::: Data for processing
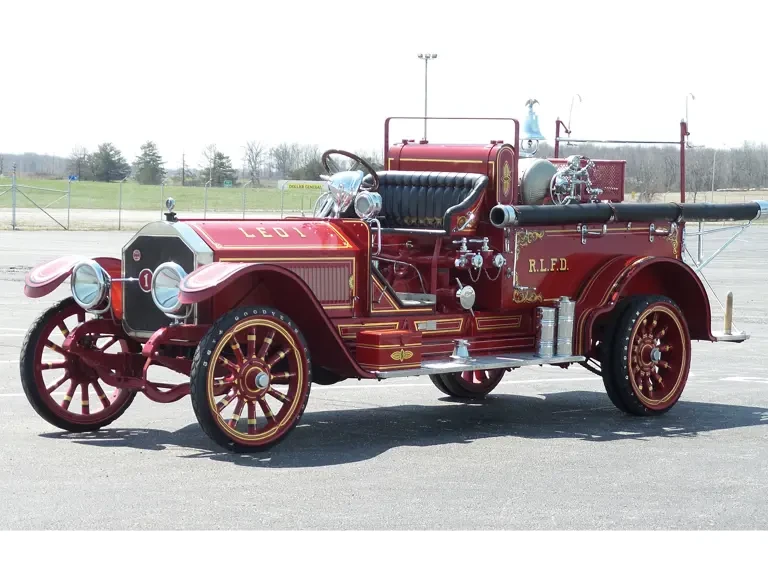 1920 American LaFrance - Image 2 of 2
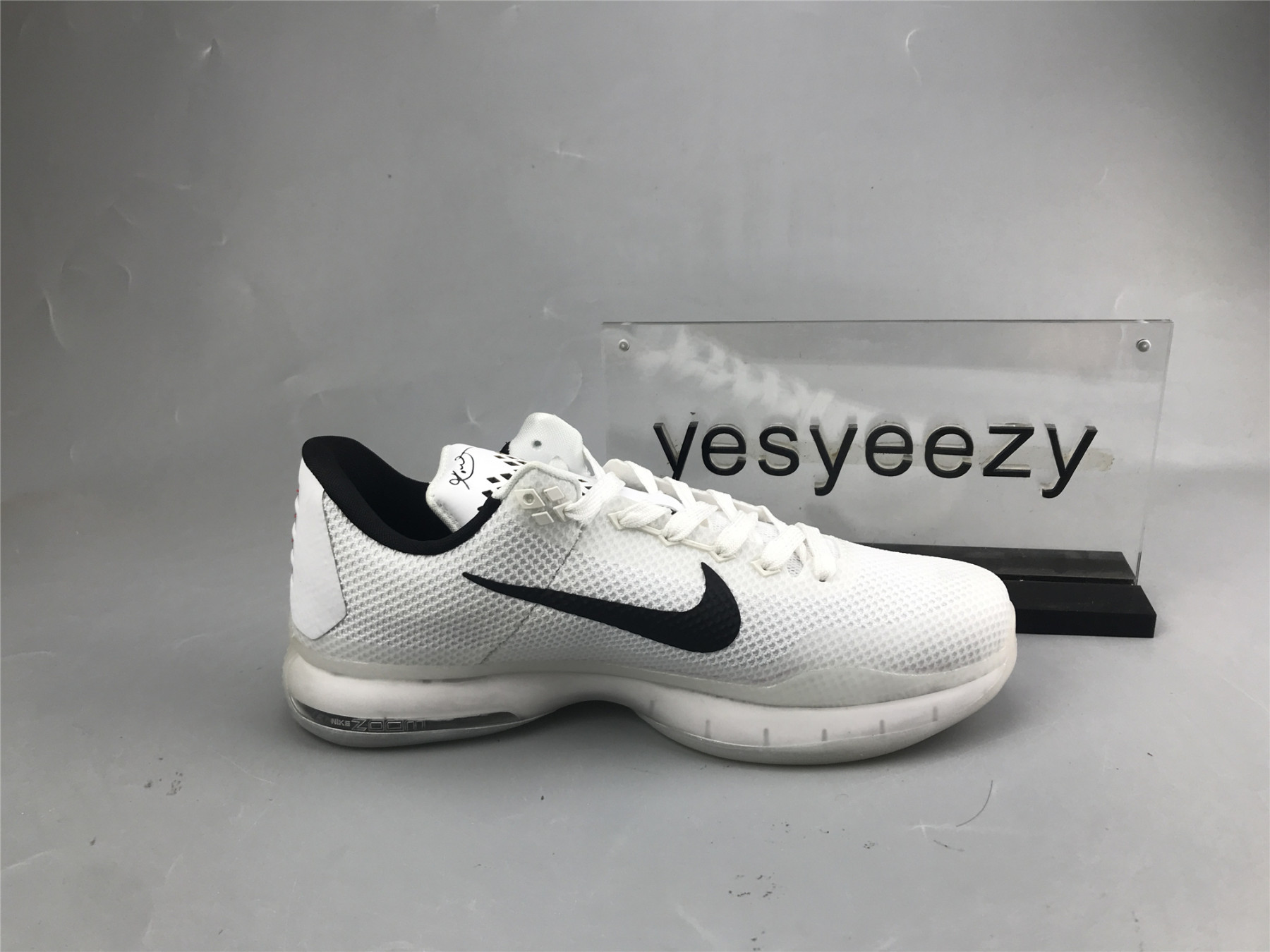 UA NIKE KOBE 10 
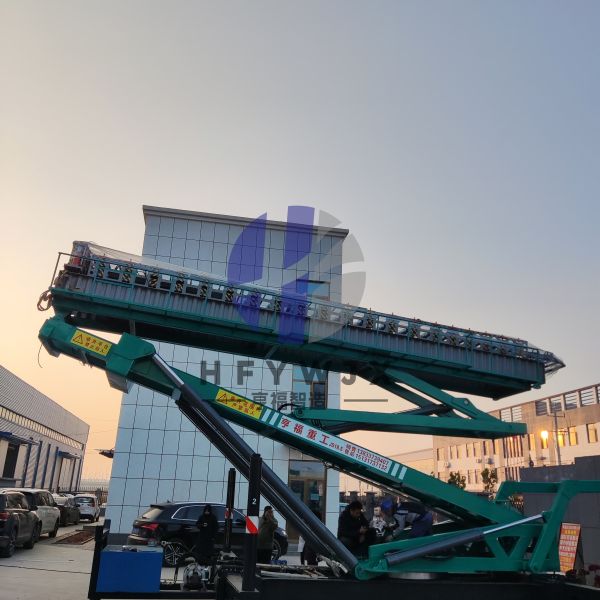 Mobile Electric High Altitude Lifting Platform Anti Fall Safety And Easy Operation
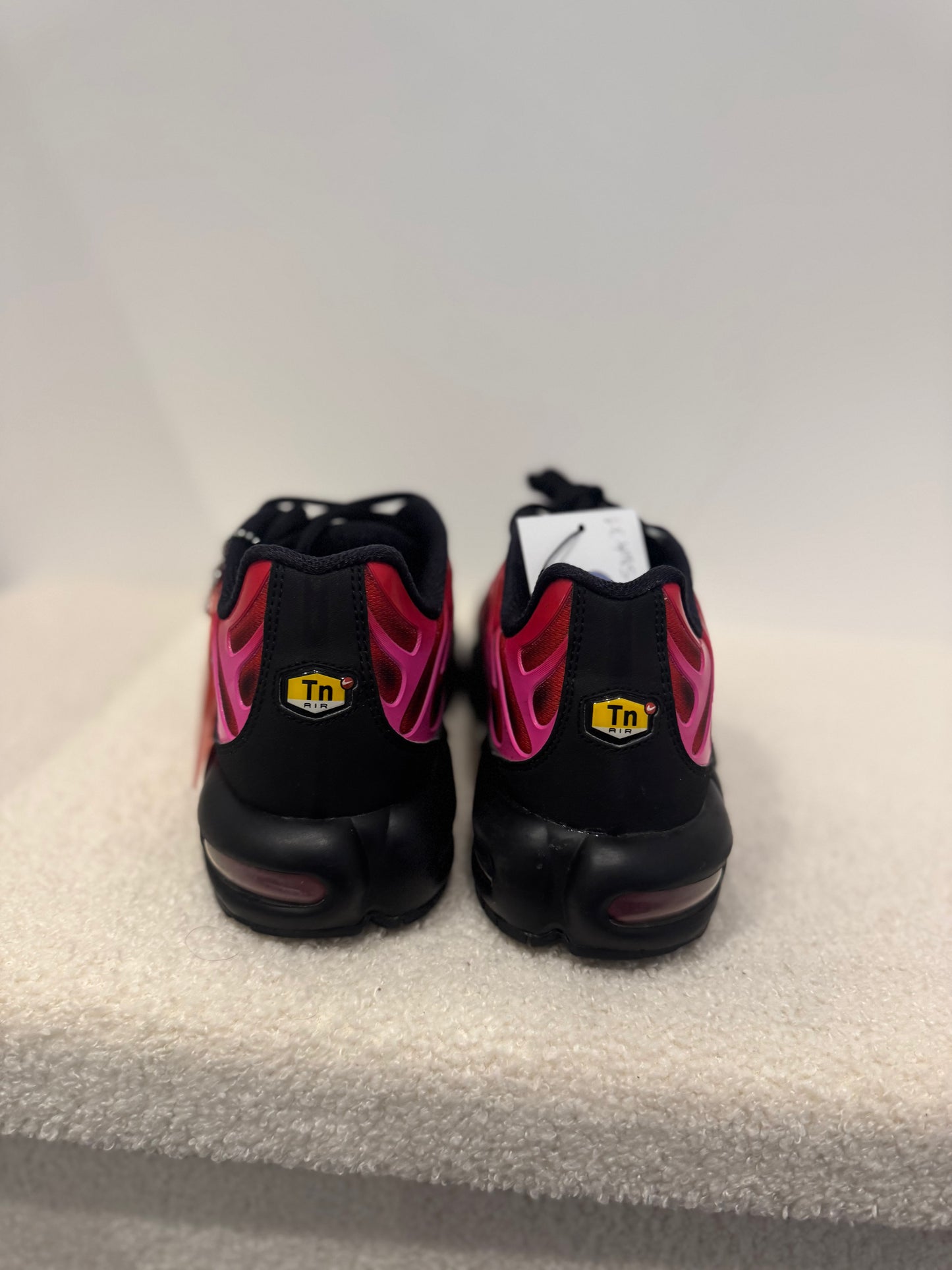Nike Air Max Plus x Supreme University Red (44.5)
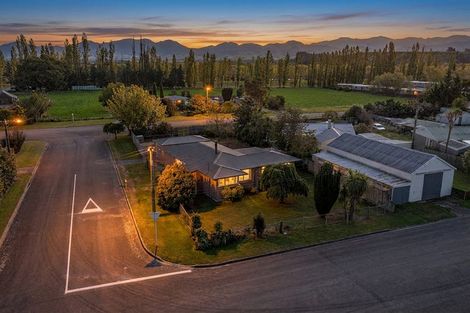 Photo of property in 1 Lowry Street, Waiau, 7332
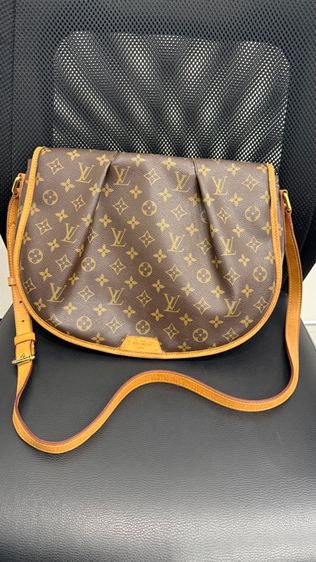 ไม่ระบุ น้ำตาล หนังแท้ Louis Vuitton LV Menilmontant Monogram
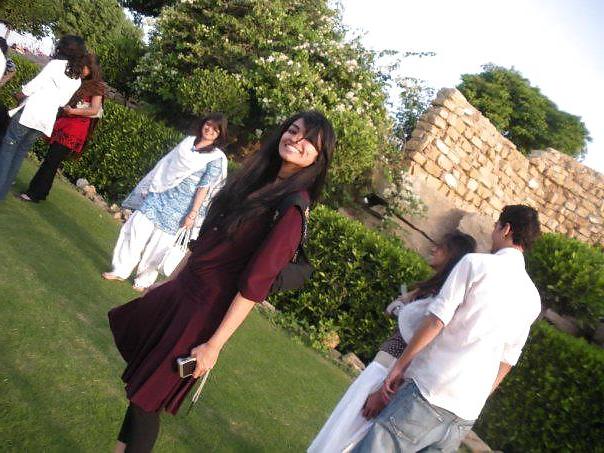 25P Desi Girls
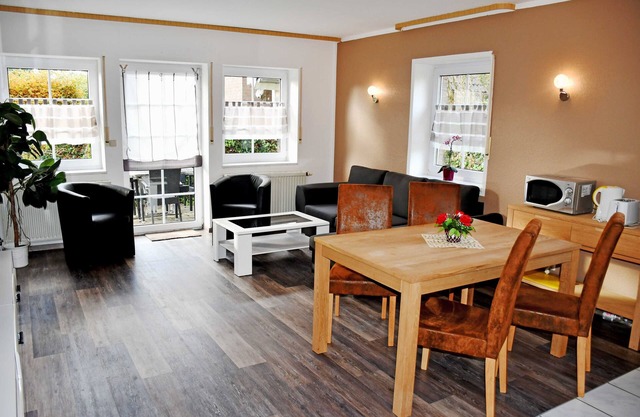 5.1. Ferienwohnung Gelber Richard - Ferienwohnungen zum Neuensiener See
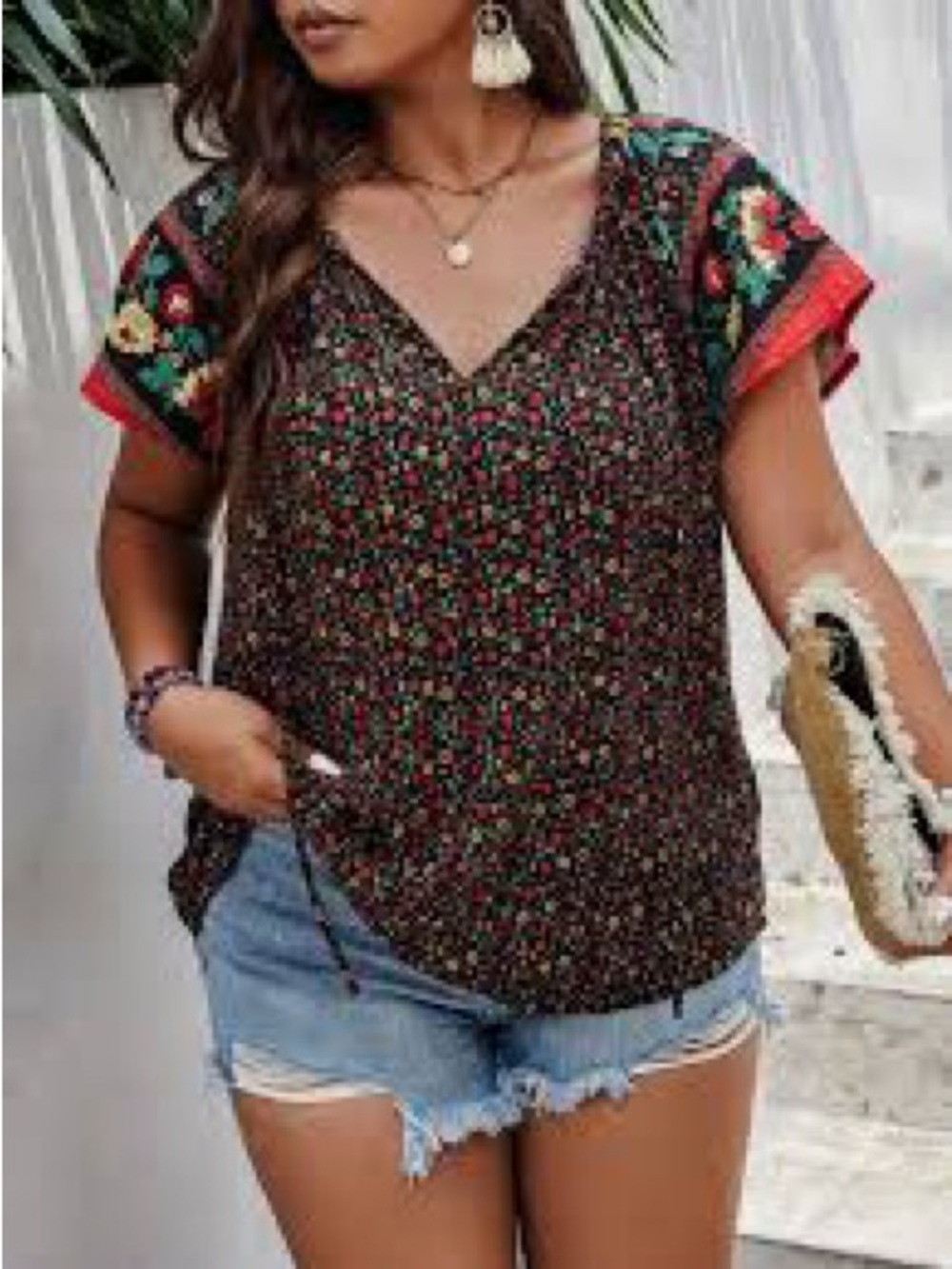 SHEIN Black Short Sleeve V-Neck Floral Print Top with Red Accents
::::::
* _What to work on_: Retype all records exactly as shown above, images excluded.

* _Reply_:
 1920 American LaFrance - Image 2 of 2
 UA NIKE KOBE 10 
 Mobile Electric High Altitude Lifting Platform Anti Fall Safety And Easy Operation
Nike Air Max Plus x Supreme University Red (44.5)
 Photo of property in 1 Lowry Street, Waiau, 7332
 ไม่ระบุ น้ำตาล หนังแท้ Louis Vuitton LV Menilmontant Monogram
 25P Desi Girls
 5.1. Ferienwohnung Gelber Richard - Ferienwohnungen zum Neuensiener See
 SHEIN Black Short Sleeve V-Neck Floral Print Top with Red Accents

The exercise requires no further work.